Selten schön fasst hier der biblische Bericht das
Gesamtergebnis von dem Glaubensleben Abrahams zusammen. Er
war alt geworden, war in die Tage hineingekommen und war in
allem gesegnet. Die hebräische Sprache hat zwei Ausdrucke
für den Begriff alt, die jedoch ganz Verschiedenes vom Alter
aussagen. Das eine Wort bezeichnet eine "Abnutzung der
Kräfte, ein Erschlaffen, ein Dunkelwerden". Das andere Wort
dagegen bezeichnet den durch die Lebensarbeit "errungenen
Gewinn, die Reife der Persönlichkeit". Dieser Begriff ist
hier zur Bezeichnung des Alters Abrahams gebraucht.
Denn es gibt ein Leben, das nicht altert. Dies ist das Leben
des Glaubens. Obgleich in der gegenwärtigen Schöpfung
geboren, so ist es doch nicht Leben der gegenwärtigen
Schöpfung. Wahres Glaubensleben sah sich von Fall zu Fall
durch göttliche Offenbarung geweckt, wurde in seinen
Handlungen von göttlicher Kraft inspiriert und getragen
und wusste sich in seinem Ziel für die Ewigkeit bestimmt.
Leben, das aus der Ewigkeit gewirkt wurde, so zeitlich und
menschlich es auch in seinen Erscheinungen war, und für die
Ewigkeit berufen ist, das altert nicht. Schon die alten
Weisen Israels sagten: "Alt ist, wer beide Welten erobert."

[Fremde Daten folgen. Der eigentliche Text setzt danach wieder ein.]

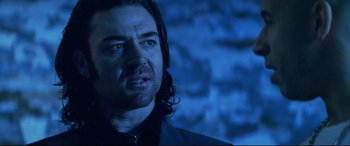 Movie still from “xXx” (2002), directed by Rob Cohen – A person with long black hair; Close Up shot, Low angle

Alt ist ihnen derjenige, "der mit seinem hieniedigen Dasein
beide Welten erworben, die diesseitige für die zukünftige,
indem er der hieniedigen Welt den Stempel des Göttlichen
aufgedrückt." Ein Leben, das wie das eines Abrahams in Gott
selbst zur Ruhe gekommen und im Umgang mit Gott seine
verborgenen Kraftquellen gefunden, ist durch die Zeit nicht
abgenutzt worden, hat im Dienst nicht seine Kraft eingebüßt,
ist im Kampf nicht zusammengebrochen. Was in solch einem
Leben im Alter erschlafft oder was dunkel werden will, das
sind die rein physischen Kräfte, das ist der stoffliche
Organismus, in dem die eigentliche geistige Persönlichkeit
des Menschen sich auslebt. War das Leben auch reich an
Dienst und Kampf, brachen in demselben auch manche Stützen
und Hoffnungen zusammen, ging es auch durch manche Irrungen
und Entmutigungen hindurch, - alles trug nur mit dazu bei,
dass die im Umgang mit Gott stehenden Persönlichkeiten zu
jenem Alter ausreiften, das zwei Welten erobert hat.
Solchen "Alten" wird nicht erst der Tod zu einer Pforte zur
Ewigkeit, sondern das Leben war ihnen bereits zu einer
solchen Pforte geworden. Ihnen bricht im Tode nicht alles
Gewonnene zusammen, sondern sie nehmen das Unvergängliche
mit, das ihnen bereits im Leben durch den Verkehr mit Gott
wurde. Denn nicht das Leben bricht ihnen im Tode zusammen,
sondern nur das irdene Gefäß, die stoffliche Zeltwohnung, mit
der das Leben in der diesseitigen Welt zusammenhing.